I think breakers and sharks would be more evenly matched against Slammers RL (last years surf cup winner, Vegas cup finalist and Mojave division champ), Blues RL (southwest and Sonoran division champ and last years finalist) and Beach RL (played In Virginia and competes with slammers and blues).

I think some of the super white bracket and super black bracket could be interchanged to have better balance (bring up the high level RL teams to play those mid tier NL teams)
 
Sporting, Liverpool or Hawaii would be my choice over breakers and sharks.

I think breakers and sharks would be more evenly matched against Slammers RL (last years surf cup winner, Vegas cup finalist and Mojave division champ), Blues RL (southwest and Sonoran division champ and last years finalist) and Beach RL (played In Virginia and competes with slammers and blues).

I think some of the super white bracket and super black bracket could be interchanged to have better balance (bring up the high level RL teams to play those mid tier NL teams)

IF that’s Hawaii Rush then I agree that it should be Best of Best. Crossfire would be the one to drop, though. Otherwise, I’m still not really seeing anything drastically off in Best of Best.

By rankings, BoB Group 4 is the toughest, with all four teams in the national top 40. BoB Group 3 is the weakest (among BoB). If it were me, I would have out Beach in group 3.

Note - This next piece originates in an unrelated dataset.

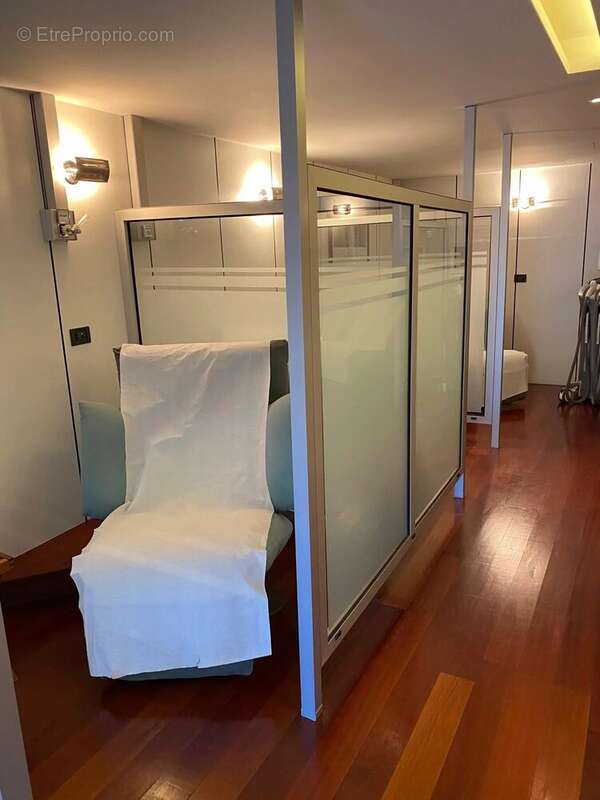 Cannes californie 320 m2 murs libres atypique local commercial ou professionnel 320 m2 prestigieux à cannes-quartier californie - photo 20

There are a couple of teams that probably don’t belong in the top 3 brackets (Rage, Bay Area Surf) and a couple that could have been placed higher (Beach RL, LFCIA).

I went ahead and pulled the #s into a spreadsheet this morning.
1038F46C-3F0A-4C73-91EC-8CF5A2D8869A.jpeg
ETA: The #s support your assertion that Super Black and Super White could be mixed better.
 
Very. A higher rated team will beat another rated team 82% of the time. A higher rated team in the top 100 nationally will beat another team in the top 100 nationally 75% of the team. Does that mean every ranking from 1 to 2000 in each age group is exactly correct and will predict who wins the next game with 100% certainty? Of course not. Something that could do that would be science fiction rather than an actual rating system. But anyone claiming they are terribly inaccurate is either intentionally obtuse or doesn't understand how probability works.

Someone hadn't linked Koge's win from last month as of yet, but when you do so you can see how well they did in the finals. They overperformed in all 4 games (all 4 marked green), and in doing so upped their own rating/ranking significantly.

View attachment 17656View attachment 17657

That said, the 05/04 rankings (and soon, the 06/05 rankings), are probably the wonkiest in terms of making sure each team has all of their games (and none of anyone else's games) correctly assigned per team, since it's when the age groups shift from 1 per year to 2 per year. Some teams keep individual year teams, some go to two years, some go to two years but keep the name of the single year. There is none of that complication for every other group from U9-U17.

Appreciate the response. Not sure I appreciate the insult… Never said they were “terribly inaccurate”. Simply questioned the accuracy.
 
Appreciate the response. Not sure I appreciate the insult… Never said they were “terribly inaccurate”. Simply questioned the accuracy.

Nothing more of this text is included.